Linux explained part 2 : Bootloader, Init and Shell
Second entry in our Linux Explained series, let’s talk about three common concepts composing a Linux Distribution : the Bootloader, the Init Process, and the Shell.
In a simple words (I hope), we will see what are these three concepts and how do they work together in a Linux distribution.
The bootloader
The bootloader is a software that is responsible for booting the operating system of a computer. Booting the computer is the moment when you push the “Power On” button and have the hardware powered and initializing. Then the software starting up in order to be able to use the computing resources and eventually waiting for the user’s inputs. The hardware starts a small program stored into a read-only memory chip attached to the motherboard, formerly known as the BIOS, and now replaced by the UEFI.

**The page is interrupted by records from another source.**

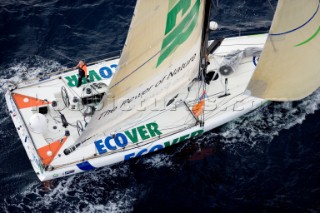 BILBAO, SPAIN - October 22nd 2006: British solo sailor Mike Golding (GBR), skipper of the Open 60ft Monohull ECOVER during Leg 1 of the Velux 5 Oceans race. The Velux 5 Oceans is a three part round the world yacht race for the bravest of solo sailors. Leg 1 is approximately 12,000 miles from Bilbao in Spain to Fremantle in Western Australia. It is the ultimate test of sailing skill, stamina and endurance. (Rights restrictions may apply)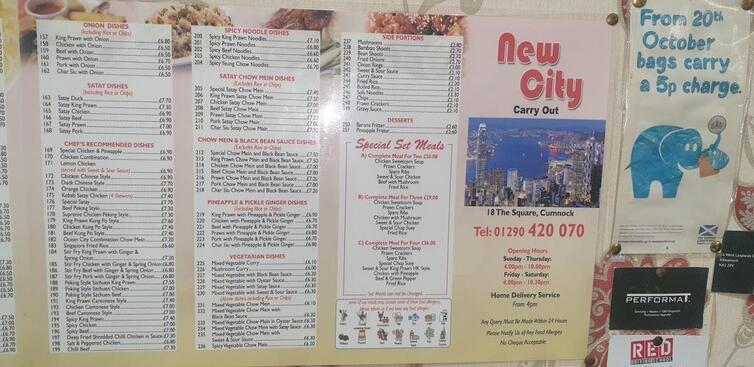 new city chinese cumnock menu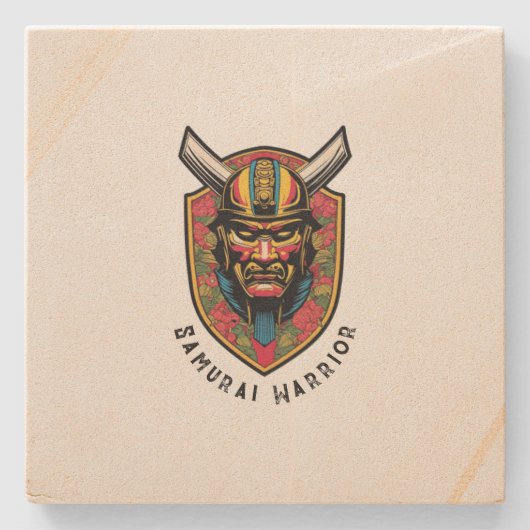 Samurai Warrior Stenen Onderzetter (Voorkant)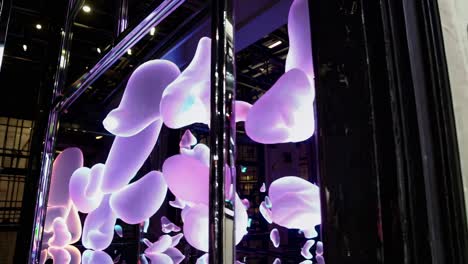 glowing abstract forms in an art installation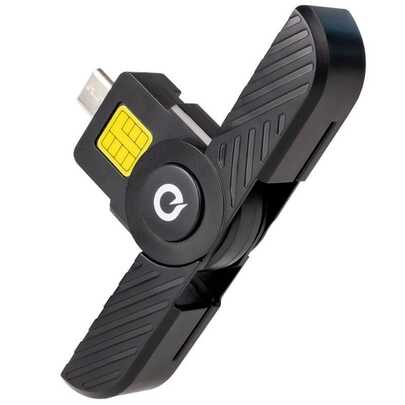  Lecteur de cartes à puce TooQ, identification électronique, USB-C, noir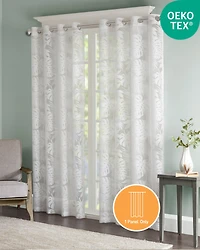 Madison Park Leilani Palm Leaf Burnout Window Sheer Curtain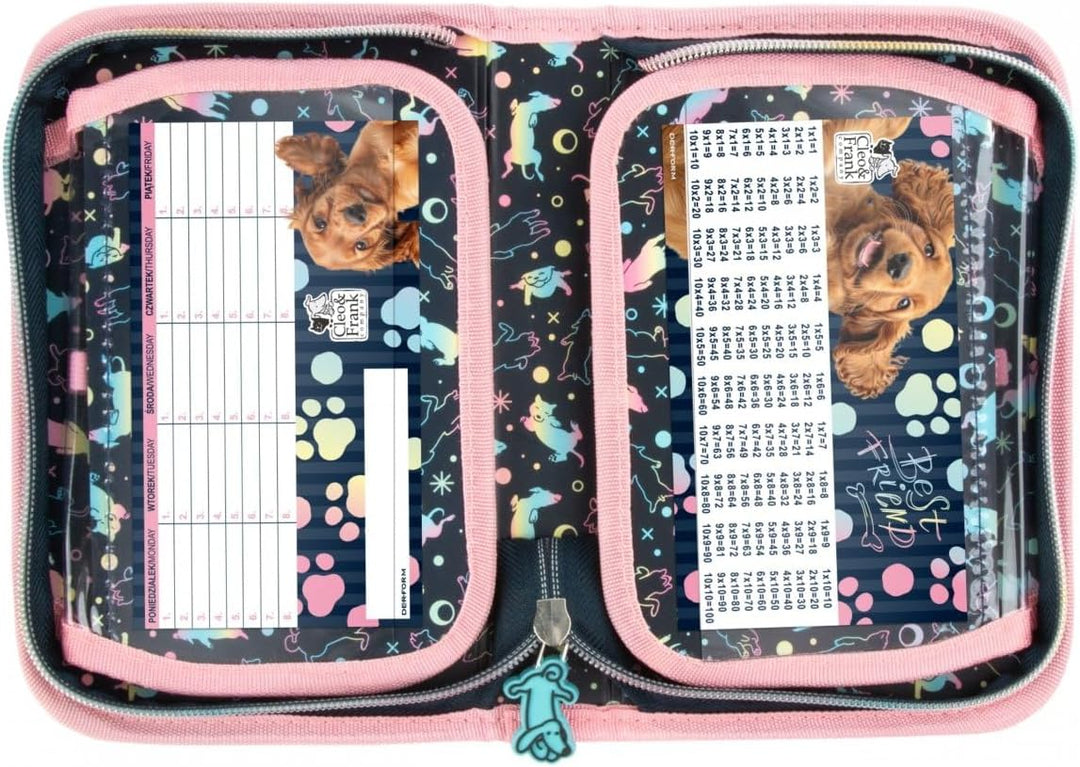 Hund Welpen Hündchen, Federtasche Federmappe, 24 TLG. gefüllt für Kinder Jungen Mädchen, blau, 21 x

These programs provide basic interfaces to manage the lower layers of the hardware : I/O configuration, system clock, storage devices, boot management, enabling or disabled hardware features, etc. The UEFI is more advanced than the traditional BIOS since it can provide a graphical user interface and a basic shell able to executes a limited set of commands.
A basic boot sequence
A boot sequence is composed of two stages : the first one, the BIOS/UEFI is started and searches for bootable devices. And the second one : the bootloader launches the operating system, giving control to the computer to it.

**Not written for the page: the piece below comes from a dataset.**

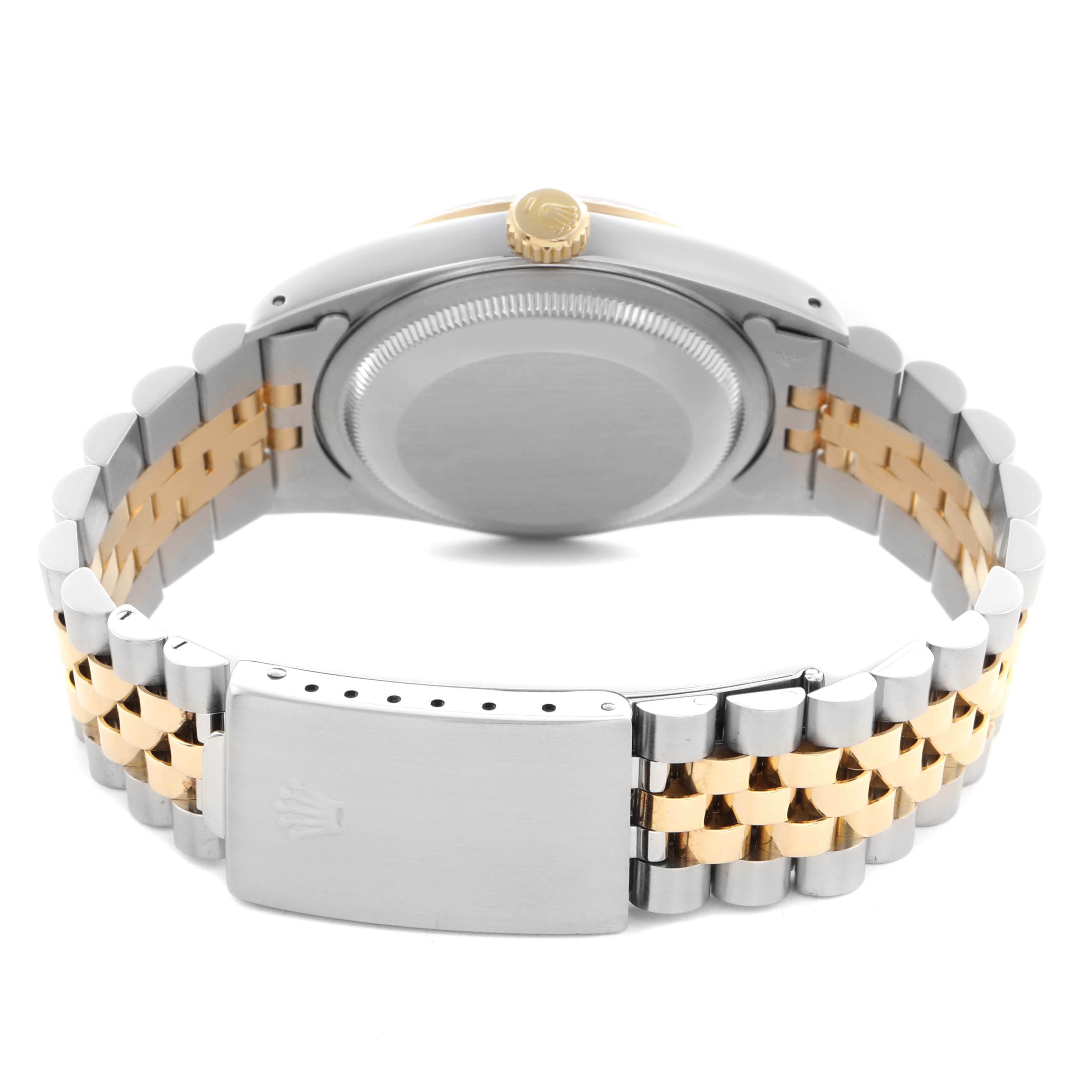 The image shows the back of the Rolex Datejust 16233 Men
s Steel and Gold (two tone) Champagne Dial 16233 Men
s Steel and Gold (two tone) Champagne Dial, highlighting the case, crown, and two-tone jubilee bracelet.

In our case, we will talk about the bootloader described in the second stage.
A bootloader for Linux is a commonly provided and installed component (but can be optional in some cases), that manages a list of bootable partitions and allows the user to select which one they can start, and even modifying its starting parameters. A very common use case is when you install Linux on a computer that already hosts Microsoft Windows : this is what we call a dual boot. In this setup, the Linux bootloader starts at the second stage and proposes to start Linux or Windows. If the user chooses the second one, Windows’ specific bootloader will be loaded and starts the NT Kernel.
GNU GRUB, a very common and popular open source bootloader available on Linux. Picture licensed under GPL, source Wikipedia
Microsoft Windows’ bootloader. Picture licensed under Public Domain, source Wikipedia
One of the reasons because the bootloader may be optional is because the boot management can be directly performed by the system firmware, or because the UEFI can also handle it in some cases.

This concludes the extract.